We’re going to do so by utilizing Python’s concurrent.futures module, which is the cleanest way to handle this:

from concurrent.futures import ThreadPoolExecutor
import time

COUNT = 1_000_000
THREADS = 8

def worker():
    local_counter = 0

    for _ in range(COUNT):
        local_counter += 1

    return local_counter

start_time = time.time()

with ThreadPoolExecutor(max_workers=THREADS) as executor:
    results = list(executor.map(
        lambda _: worker(), range(THREADS)
    ))

counter = sum(results)

print("Time:", time.time() - start_time)
print("Counter:", counter)
print("Expected:", COUNT * THREADS)

Not only is it correct, but it’s about five times as fast as the buggy code!

12:23 $ python counter_fixed_fast.py
Time: 0.05626487731933594
Counter: 8000000
Expected: 8000000

12:23 $ python -X gil=1 counter_fixed_fast.py
Time: 0.10117506980895996
Counter: 8000000
Expected: 8000000

Wow, talking about improvement! Why is this version drastically better? Firstly, because of zero lock contention. There’s no threading.Lock(), (as we used in the quick fix) the operating system never has to pause a thread to wait for another one. In comparison with the buggy code, there’s zero cache bouncing.
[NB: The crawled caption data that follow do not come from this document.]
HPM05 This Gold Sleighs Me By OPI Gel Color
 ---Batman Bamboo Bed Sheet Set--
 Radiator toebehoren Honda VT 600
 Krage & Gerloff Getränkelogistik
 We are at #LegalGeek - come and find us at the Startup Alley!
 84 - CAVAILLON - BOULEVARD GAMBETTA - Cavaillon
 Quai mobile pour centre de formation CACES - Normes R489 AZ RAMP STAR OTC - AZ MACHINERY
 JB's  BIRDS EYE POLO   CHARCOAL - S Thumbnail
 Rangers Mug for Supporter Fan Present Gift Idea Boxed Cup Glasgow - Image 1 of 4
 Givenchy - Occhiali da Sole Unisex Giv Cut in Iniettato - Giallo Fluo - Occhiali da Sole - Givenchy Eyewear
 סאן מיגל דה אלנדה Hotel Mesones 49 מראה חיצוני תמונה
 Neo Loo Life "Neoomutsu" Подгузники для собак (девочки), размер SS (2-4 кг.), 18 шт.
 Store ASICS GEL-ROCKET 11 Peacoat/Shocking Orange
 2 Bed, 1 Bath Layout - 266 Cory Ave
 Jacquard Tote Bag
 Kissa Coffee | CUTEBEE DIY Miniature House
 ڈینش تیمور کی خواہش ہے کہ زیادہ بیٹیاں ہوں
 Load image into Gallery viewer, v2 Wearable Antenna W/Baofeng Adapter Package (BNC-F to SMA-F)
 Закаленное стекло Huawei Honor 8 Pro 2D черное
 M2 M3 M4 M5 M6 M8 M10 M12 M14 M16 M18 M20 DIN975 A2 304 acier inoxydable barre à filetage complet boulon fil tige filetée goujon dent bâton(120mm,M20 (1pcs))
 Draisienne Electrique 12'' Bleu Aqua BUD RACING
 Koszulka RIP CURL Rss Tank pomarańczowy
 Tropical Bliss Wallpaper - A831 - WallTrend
Each thread is updating a variable (local_counter) that lives in its own isolated CPU cache. The CPU cores don’t have to waste time synchronizing memory with the global variable.

Running this specific code in a “free-threaded” Python environment, is being done in true parallelism and will scale beautifully. The cores will sprint through their individual loops simultaneously, and the execution time will drop significantly.

The Golden Rule of Parallelism

Whenever you are trying to speed up code using multiple cores, always ask yourself: “Do these threads need to talk to each other right now?” If the answer is yes, it will be slow. The best parallel code splits a big job into completely isolated chunks, processes them separately, and merges the results at the finish line.

Most pure Python code will not need to be rewritten or touched. The free-threaded architecture was specifically designed to be highly compatible with existing code. Operations that were considered atomic under the GIL continue to be atomic in the free-threaded version. Therefore, as long as a pure Python library was already properly thread-safe (using standard synchronization tools like threading.Lock where appropriate), it will remain thread-safe without the GIL.

But what about the Python code/libraries that rely on underlying C libraries. Shouldn’t they be re-written in order to become thread safe and be safely used on a disabled GIL Python?

Historically, the Python C API gave developers direct control over the GIL, and many native extensions implicitly relied on the GIL to protect global data structures and object states within their C code. Libraries that rely on native C extensions—which includes most data science, AI, and performance-critical libraries like NumPy, Pandas and scikit-learn — are not yet fully thread-safe.

What happens if a library hasn’t been rewritten yet? Python includes a built-in safety net. If you import a third-party C-API extension package that has not been explicitly marked as supporting free-threading, the Python interpreter will automatically re-enable the GIL at runtime and print a warning. This prevents legacy packages from crashing your program, though it temporarily removes your multi-core performance gains.

The good news is that the transition is already underway. Organizations like Meta and Quansight are actively trying to add free-threading compatibility to the most popular packages in the Python ecosystem, while websites like Python Free-Threading Guide have even been set up to track the compatibility status of popular libraries.

To conclude, GIL free Python truly enhances performance multi-folds, but it’s not a fit-all solution; removing the GIL does not magically make serialized code parallel, and it can actually make it worse. You’ve got to understand how to structure your code to take advantage of it.

Further Exploration

If you want to stretch the capabilities of the new free threading system, on Python Free-Threading Guide there are some outstanding examples where the absence of the GIL works wonders. One particular example doing Web Scraping blends multi-threading with asyncio, two concepts that initially look entirely orthogonal!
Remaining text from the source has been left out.